Andrzej o krok od zdrady, Werner o krok od śmierci, a Tomek - od szczęścia.
W kolejny poniedziałek, 27 kwietnia, Rafał wda się w bójkę, a Werner, próbując mu pomóc, zarobi kilka bolesnych siniaków. I później doradzi Annie, by agresywnego dozorcę zwolniła.
- Powinnaś mu ładnie podziękować i równie ładnie się z nim rozstać. Czas najwyższy! Przyjadę na weekend i wtedy się tym zajmiemy. Wiem, jak prowadzić takie rozmowy, mam doświadczenie w pracy z... trudnymi klientami. Może tylko powinnaś zastanowić się nad jakąś odprawą? Załatwimy to tak, że Rafał nie poczuje się urażony, zgoda?
Gołębiewski, gdy dowie się o planach Adama, wybuchnie wściekłością.
Mężczyzna zdobędzie wizytówkę prawnika, dzięki której pozna jego adres w Warszawie, i pojedzie prosto na Deszczową.
Kilka godzin później w domu Wernera dojdzie do wybuchu...
Tymczasem Andrzej cały kolejny dzień spędzi z Sonią.
Budzyński zabierze przyjaciółkę na romantyczny wypad za miasto, oboje na nowo się do siebie zbliżą...

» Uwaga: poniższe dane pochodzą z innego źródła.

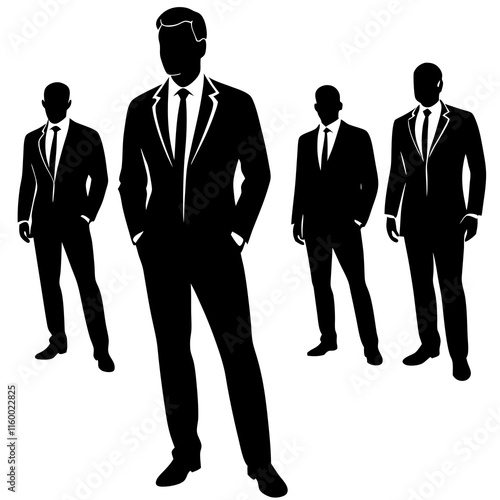 Different Poses of Businessman in Formal Suits for Branding and Illustrations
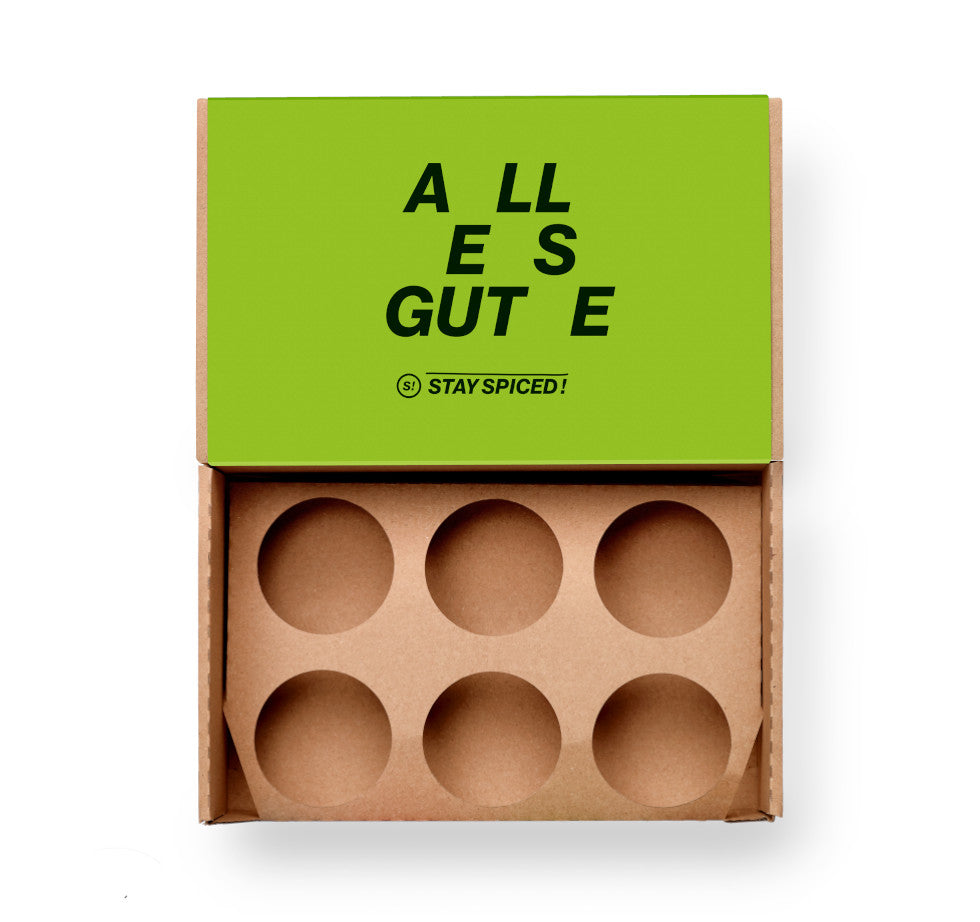Alles Gute Geschenkset für 6 Dosen von Chefkoch-Gewürze (offene Ansicht, unbestückt)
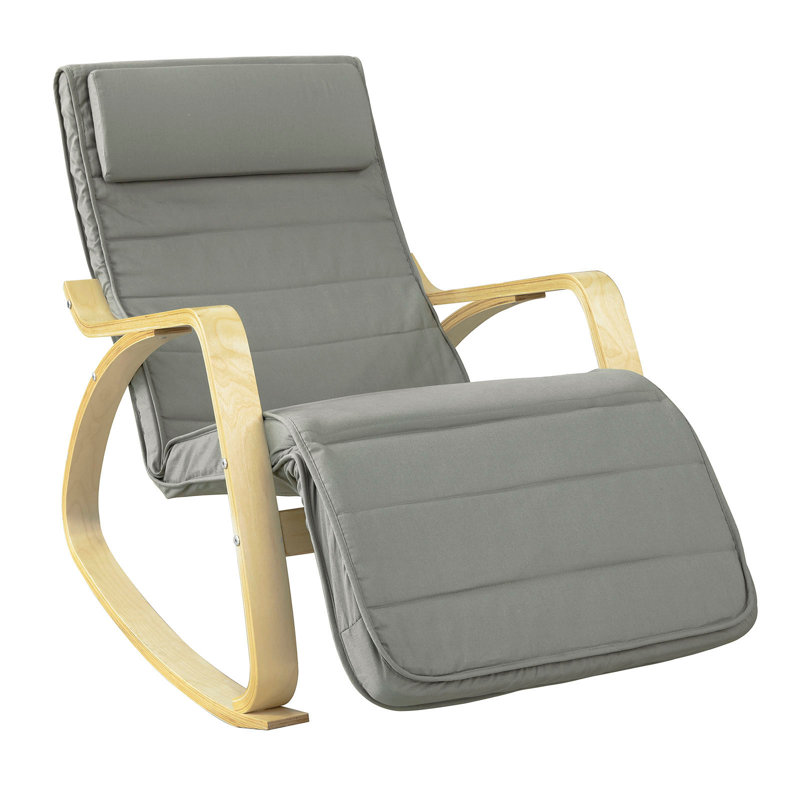 Carnelian Solid Wood Rocking Chair, Dark Grey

Wtedy do Warszawy powróci nagle Marta! Czy w serialu szykuje się kolejny rozwód?
Tomek - po nocy w ramionach ukochanej - będzie pewien, że Agnieszka do niego wróciła.
Olszewska postanowi jednak... uciec do Szczecina!
Na pożegnanie zostawi tylko krótki list.
Czy Tomek powstrzyma Agnieszkę przed wyjazdem z Warszawy?
Czy przekona panią prokurator, że jest miłością jego życia?